Changes due to the new fence:

  • The new space fence will most likely lead to better orbit estimates for most objects currently in the catalog, as they will be observed more often.
  • It will also detect more and smaller pieces of debris. They might only be detected if they pass at high elevation and less likely at low elevation. Consequently, their accuracy might end up to be poor.

Changes due to the new format:

  • The main reason for the new format is that it allows specifying more than 5 digits for the catalog number. It is expected that the new fence observes more than 100000 objects and hence this change was required.
  • The format (OMM) allows specifying any kind of theory and not only the ones used in the TLEs. TLEs have a flag for the ephemeris type, which is linked to a theory. Recently a new updated version of SGP4, called SGP4-XP has been published (a compiled library unfortunately not the code or equations behind). If the new provided orbital elements are generated using SGP4-XP, then you will also need this theory to propagate them. It is not clear when the new theory is started to be used and when/if elements with it are published. Also the accuracy is not yet clear, but it is supposed to be closer to high-fidelity models.

Skimming CCSDS RECOMMENDED STANDARD FOR ORBIT DATA MESSAGES, it looks to me like three different message types are defined: Orbit Parameter Message (OPM), Orbit Mean Elements Message (OMM), and Orbit Ephemeris Message (OEM).

OPM gives position and velocity and optionally "osculating Keplerian elements". It is "suited to exchanges that "do not require high-fidelity dynamic modeling".

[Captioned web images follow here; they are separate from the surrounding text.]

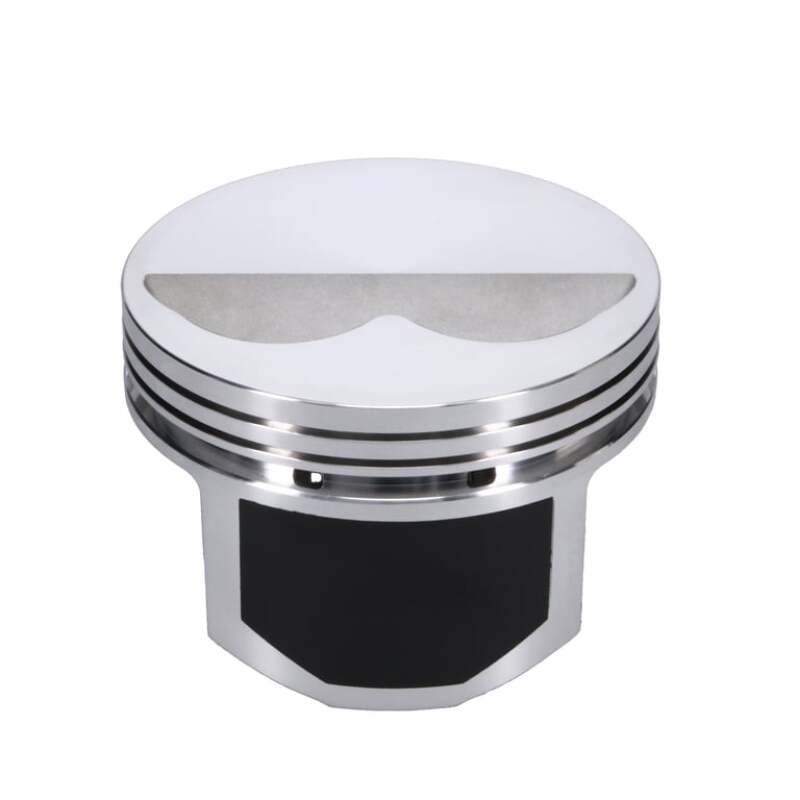 Wiseco Pro Tru Street Chevy Small Block 4.030in Bore 1.260in CH -5.00 CC Piston Set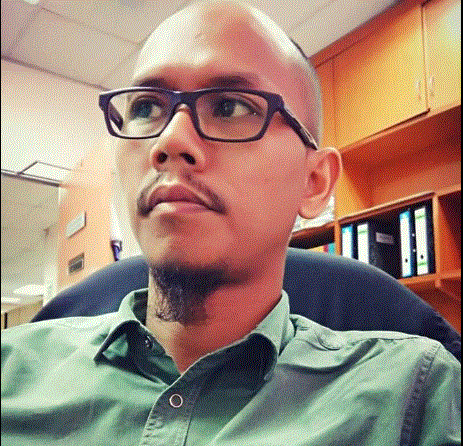 Abdul Rauf Mat Foor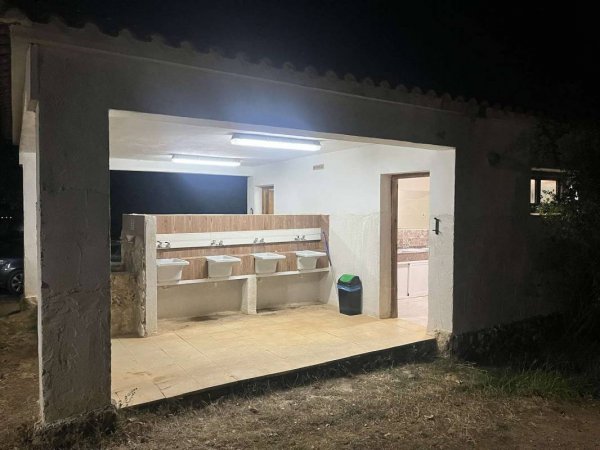 Camping las Majadas — Photo 3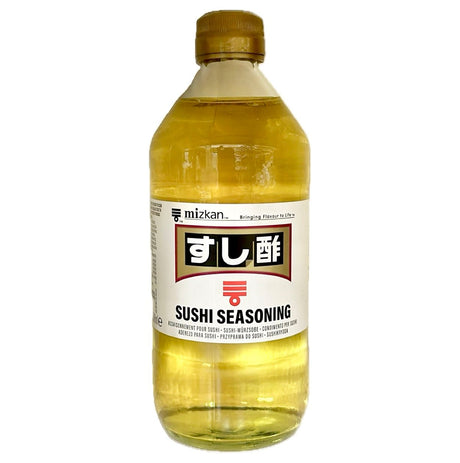 Mizkan Sushi Seasoning 568ml - Asian Online Superstore UK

OMM is essentially the same info as a TLE in a more readable (by both humans and modern software) format.

OEM "is suited to exchanges that require higher fidelity or higher precision dynamic modeling than is possible with the OPM" and "allows for dynamic modeling of any number of gravitational and non-gravitational accelerations." It includes optional spacecraft parameters like mass, solar radiation area and drag area terms, so it can be used with a fancy propagator that models those effects.

The Celestrak post you link says Celestrak will be providing OMMs, so it won't provide any functional improvement in propagation versus TLE, but OEMs potentially would.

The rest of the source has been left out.